══ DATA FOR THIS TASK ══
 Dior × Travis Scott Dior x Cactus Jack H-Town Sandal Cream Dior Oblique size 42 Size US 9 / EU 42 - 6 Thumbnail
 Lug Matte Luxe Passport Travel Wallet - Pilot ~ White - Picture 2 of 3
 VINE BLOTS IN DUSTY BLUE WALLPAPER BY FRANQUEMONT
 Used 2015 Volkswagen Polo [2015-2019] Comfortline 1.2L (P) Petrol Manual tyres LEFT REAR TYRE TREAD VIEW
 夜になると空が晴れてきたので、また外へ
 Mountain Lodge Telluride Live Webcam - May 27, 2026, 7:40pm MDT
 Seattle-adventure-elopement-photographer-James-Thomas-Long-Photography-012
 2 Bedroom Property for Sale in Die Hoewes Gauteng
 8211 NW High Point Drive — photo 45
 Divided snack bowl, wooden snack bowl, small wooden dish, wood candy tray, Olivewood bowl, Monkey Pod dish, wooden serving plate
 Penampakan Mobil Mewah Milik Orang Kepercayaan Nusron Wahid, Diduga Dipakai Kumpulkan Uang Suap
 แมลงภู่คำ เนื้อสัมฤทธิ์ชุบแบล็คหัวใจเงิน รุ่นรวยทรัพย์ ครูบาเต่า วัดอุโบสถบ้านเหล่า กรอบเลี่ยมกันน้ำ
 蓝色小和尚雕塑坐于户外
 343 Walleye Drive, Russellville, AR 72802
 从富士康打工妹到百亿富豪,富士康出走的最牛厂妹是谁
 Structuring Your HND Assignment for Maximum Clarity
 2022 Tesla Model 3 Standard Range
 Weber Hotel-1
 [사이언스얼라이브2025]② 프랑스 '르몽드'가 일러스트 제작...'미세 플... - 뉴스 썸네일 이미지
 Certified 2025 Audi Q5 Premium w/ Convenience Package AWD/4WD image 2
═══
## EXERCISE INSTRUCTIONS
Reproduce the line containing "Weber Hotel-1" and every line after it. Stop at the last line of the records, and add nothing.

## WRITTEN SOLUTION
 Weber Hotel-1
 [사이언스얼라이브2025]② 프랑스 '르몽드'가 일러스트 제작...'미세 플... - 뉴스 썸네일 이미지
 Certified 2025 Audi Q5 Premium w/ Convenience Package AWD/4WD image 2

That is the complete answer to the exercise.